● **Records supplied**
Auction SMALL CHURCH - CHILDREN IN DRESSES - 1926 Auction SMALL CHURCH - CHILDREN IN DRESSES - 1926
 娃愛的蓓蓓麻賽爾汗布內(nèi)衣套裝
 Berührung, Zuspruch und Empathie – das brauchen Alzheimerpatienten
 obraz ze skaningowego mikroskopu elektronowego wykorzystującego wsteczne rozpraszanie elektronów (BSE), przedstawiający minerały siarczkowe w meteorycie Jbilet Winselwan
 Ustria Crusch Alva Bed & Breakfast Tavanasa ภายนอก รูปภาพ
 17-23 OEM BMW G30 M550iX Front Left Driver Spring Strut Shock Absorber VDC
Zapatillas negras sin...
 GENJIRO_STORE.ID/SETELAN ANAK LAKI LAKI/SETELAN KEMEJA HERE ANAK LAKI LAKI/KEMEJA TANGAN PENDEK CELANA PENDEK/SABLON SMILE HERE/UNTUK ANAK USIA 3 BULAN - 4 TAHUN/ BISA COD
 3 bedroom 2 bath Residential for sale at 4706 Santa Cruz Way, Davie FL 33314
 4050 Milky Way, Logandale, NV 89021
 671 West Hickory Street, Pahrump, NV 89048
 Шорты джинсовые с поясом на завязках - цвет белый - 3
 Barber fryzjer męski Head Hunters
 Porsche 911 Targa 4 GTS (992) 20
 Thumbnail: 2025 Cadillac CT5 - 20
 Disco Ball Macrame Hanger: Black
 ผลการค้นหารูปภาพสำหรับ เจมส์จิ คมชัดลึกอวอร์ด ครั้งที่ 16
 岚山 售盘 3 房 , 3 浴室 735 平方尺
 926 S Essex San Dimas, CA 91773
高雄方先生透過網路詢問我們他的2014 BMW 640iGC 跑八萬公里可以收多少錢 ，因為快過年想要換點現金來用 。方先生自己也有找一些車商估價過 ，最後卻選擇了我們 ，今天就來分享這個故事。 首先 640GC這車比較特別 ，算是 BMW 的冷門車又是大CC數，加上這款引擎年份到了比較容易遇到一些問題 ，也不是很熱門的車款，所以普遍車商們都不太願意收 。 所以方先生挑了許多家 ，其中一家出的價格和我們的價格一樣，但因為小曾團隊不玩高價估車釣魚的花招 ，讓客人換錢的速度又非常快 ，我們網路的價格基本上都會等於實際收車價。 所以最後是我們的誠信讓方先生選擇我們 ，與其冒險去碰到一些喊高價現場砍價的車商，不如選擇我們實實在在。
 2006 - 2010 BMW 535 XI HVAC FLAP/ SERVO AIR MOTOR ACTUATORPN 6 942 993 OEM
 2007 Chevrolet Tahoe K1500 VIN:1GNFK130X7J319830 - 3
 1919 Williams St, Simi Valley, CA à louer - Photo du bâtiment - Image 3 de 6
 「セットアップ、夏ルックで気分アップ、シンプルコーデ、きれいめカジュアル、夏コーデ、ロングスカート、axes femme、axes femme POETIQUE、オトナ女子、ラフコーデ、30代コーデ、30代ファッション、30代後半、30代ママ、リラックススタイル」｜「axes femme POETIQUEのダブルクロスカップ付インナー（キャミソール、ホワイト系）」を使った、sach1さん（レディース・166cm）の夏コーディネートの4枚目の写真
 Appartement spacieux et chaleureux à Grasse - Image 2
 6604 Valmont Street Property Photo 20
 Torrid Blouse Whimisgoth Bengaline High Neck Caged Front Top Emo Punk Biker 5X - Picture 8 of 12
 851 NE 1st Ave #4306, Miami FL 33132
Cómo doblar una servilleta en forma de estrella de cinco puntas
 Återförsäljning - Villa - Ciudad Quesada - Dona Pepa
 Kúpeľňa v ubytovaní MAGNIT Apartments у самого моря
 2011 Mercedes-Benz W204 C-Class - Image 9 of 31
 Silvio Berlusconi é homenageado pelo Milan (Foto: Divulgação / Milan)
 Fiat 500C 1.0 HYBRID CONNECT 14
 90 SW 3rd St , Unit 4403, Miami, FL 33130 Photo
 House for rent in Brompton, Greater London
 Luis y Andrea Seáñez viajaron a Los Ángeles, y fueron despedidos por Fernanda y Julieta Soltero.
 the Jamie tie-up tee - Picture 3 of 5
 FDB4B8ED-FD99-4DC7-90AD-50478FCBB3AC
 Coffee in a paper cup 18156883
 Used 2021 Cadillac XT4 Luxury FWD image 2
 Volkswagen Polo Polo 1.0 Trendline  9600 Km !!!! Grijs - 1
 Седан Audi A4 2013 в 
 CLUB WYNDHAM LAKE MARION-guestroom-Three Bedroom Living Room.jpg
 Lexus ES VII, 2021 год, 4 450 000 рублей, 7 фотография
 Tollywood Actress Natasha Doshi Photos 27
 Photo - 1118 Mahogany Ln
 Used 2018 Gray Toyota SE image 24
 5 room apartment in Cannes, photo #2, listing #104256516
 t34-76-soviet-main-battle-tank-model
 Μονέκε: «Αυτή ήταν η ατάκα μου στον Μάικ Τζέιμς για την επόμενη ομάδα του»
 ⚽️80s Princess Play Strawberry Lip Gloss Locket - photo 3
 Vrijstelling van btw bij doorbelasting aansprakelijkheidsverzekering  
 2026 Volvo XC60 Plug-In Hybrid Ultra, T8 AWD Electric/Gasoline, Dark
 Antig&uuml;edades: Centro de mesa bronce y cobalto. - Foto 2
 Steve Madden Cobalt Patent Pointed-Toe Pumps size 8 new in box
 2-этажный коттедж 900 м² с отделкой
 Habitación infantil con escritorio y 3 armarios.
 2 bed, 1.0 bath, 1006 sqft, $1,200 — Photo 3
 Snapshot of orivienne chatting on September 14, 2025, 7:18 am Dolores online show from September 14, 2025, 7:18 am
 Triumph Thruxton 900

● **What is needed**
Copy the records above. Keep every word as it is.

● **Output**
Auction SMALL CHURCH - CHILDREN IN DRESSES - 1926 Auction SMALL CHURCH - CHILDREN IN DRESSES - 1926
 娃愛的蓓蓓麻賽爾汗布內(nèi)衣套裝
 Berührung, Zuspruch und Empathie – das brauchen Alzheimerpatienten
 obraz ze skaningowego mikroskopu elektronowego wykorzystującego wsteczne rozpraszanie elektronów (BSE), przedstawiający minerały siarczkowe w meteorycie Jbilet Winselwan
 Ustria Crusch Alva Bed & Breakfast Tavanasa ภายนอก รูปภาพ
 17-23 OEM BMW G30 M550iX Front Left Driver Spring Strut Shock Absorber VDC
Zapatillas negras sin...
 GENJIRO_STORE.ID/SETELAN ANAK LAKI LAKI/SETELAN KEMEJA HERE ANAK LAKI LAKI/KEMEJA TANGAN PENDEK CELANA PENDEK/SABLON SMILE HERE/UNTUK ANAK USIA 3 BULAN - 4 TAHUN/ BISA COD
 3 bedroom 2 bath Residential for sale at 4706 Santa Cruz Way, Davie FL 33314
 4050 Milky Way, Logandale, NV 89021
 671 West Hickory Street, Pahrump, NV 89048
 Шорты джинсовые с поясом на завязках - цвет белый - 3
 Barber fryzjer męski Head Hunters
 Porsche 911 Targa 4 GTS (992) 20
 Thumbnail: 2025 Cadillac CT5 - 20
 Disco Ball Macrame Hanger: Black
 ผลการค้นหารูปภาพสำหรับ เจมส์จิ คมชัดลึกอวอร์ด ครั้งที่ 16
 岚山 售盘 3 房 , 3 浴室 735 平方尺
 926 S Essex San Dimas, CA 91773
高雄方先生透過網路詢問我們他的2014 BMW 640iGC 跑八萬公里可以收多少錢 ，因為快過年想要換點現金來用 。方先生自己也有找一些車商估價過 ，最後卻選擇了我們 ，今天就來分享這個故事。 首先 640GC這車比較特別 ，算是 BMW 的冷門車又是大CC數，加上這款引擎年份到了比較容易遇到一些問題 ，也不是很熱門的車款，所以普遍車商們都不太願意收 。 所以方先生挑了許多家 ，其中一家出的價格和我們的價格一樣，但因為小曾團隊不玩高價估車釣魚的花招 ，讓客人換錢的速度又非常快 ，我們網路的價格基本上都會等於實際收車價。 所以最後是我們的誠信讓方先生選擇我們 ，與其冒險去碰到一些喊高價現場砍價的車商，不如選擇我們實實在在。
 2006 - 2010 BMW 535 XI HVAC FLAP/ SERVO AIR MOTOR ACTUATORPN 6 942 993 OEM
 2007 Chevrolet Tahoe K1500 VIN:1GNFK130X7J319830 - 3
 1919 Williams St, Simi Valley, CA à louer - Photo du bâtiment - Image 3 de 6
 「セットアップ、夏ルックで気分アップ、シンプルコーデ、きれいめカジュアル、夏コーデ、ロングスカート、axes femme、axes femme POETIQUE、オトナ女子、ラフコーデ、30代コーデ、30代ファッション、30代後半、30代ママ、リラックススタイル」｜「axes femme POETIQUEのダブルクロスカップ付インナー（キャミソール、ホワイト系）」を使った、sach1さん（レディース・166cm）の夏コーディネートの4枚目の写真
 Appartement spacieux et chaleureux à Grasse - Image 2
 6604 Valmont Street Property Photo 20
 Torrid Blouse Whimisgoth Bengaline High Neck Caged Front Top Emo Punk Biker 5X - Picture 8 of 12
 851 NE 1st Ave #4306, Miami FL 33132
Cómo doblar una servilleta en forma de estrella de cinco puntas
 Återförsäljning - Villa - Ciudad Quesada - Dona Pepa
 Kúpeľňa v ubytovaní MAGNIT Apartments у самого моря
 2011 Mercedes-Benz W204 C-Class - Image 9 of 31
 Silvio Berlusconi é homenageado pelo Milan (Foto: Divulgação / Milan)
 Fiat 500C 1.0 HYBRID CONNECT 14
 90 SW 3rd St , Unit 4403, Miami, FL 33130 Photo
 House for rent in Brompton, Greater London
 Luis y Andrea Seáñez viajaron a Los Ángeles, y fueron despedidos por Fernanda y Julieta Soltero.
 the Jamie tie-up tee - Picture 3 of 5
 FDB4B8ED-FD99-4DC7-90AD-50478FCBB3AC
 Coffee in a paper cup 18156883
 Used 2021 Cadillac XT4 Luxury FWD image 2
 Volkswagen Polo Polo 1.0 Trendline  9600 Km !!!! Grijs - 1
 Седан Audi A4 2013 в 
 CLUB WYNDHAM LAKE MARION-guestroom-Three Bedroom Living Room.jpg
 Lexus ES VII, 2021 год, 4 450 000 рублей, 7 фотография
 Tollywood Actress Natasha Doshi Photos 27
 Photo - 1118 Mahogany Ln
 Used 2018 Gray Toyota SE image 24
 5 room apartment in Cannes, photo #2, listing #104256516
 t34-76-soviet-main-battle-tank-model
 Μονέκε: «Αυτή ήταν η ατάκα μου στον Μάικ Τζέιμς για την επόμενη ομάδα του»
 ⚽️80s Princess Play Strawberry Lip Gloss Locket - photo 3
 Vrijstelling van btw bij doorbelasting aansprakelijkheidsverzekering  
 2026 Volvo XC60 Plug-In Hybrid Ultra, T8 AWD Electric/Gasoline, Dark
 Antig&uuml;edades: Centro de mesa bronce y cobalto. - Foto 2
 Steve Madden Cobalt Patent Pointed-Toe Pumps size 8 new in box
 2-этажный коттедж 900 м² с отделкой
 Habitación infantil con escritorio y 3 armarios.
 2 bed, 1.0 bath, 1006 sqft, $1,200 — Photo 3
 Snapshot of orivienne chatting on September 14, 2025, 7:18 am Dolores online show from September 14, 2025, 7:18 am
 Triumph Thruxton 900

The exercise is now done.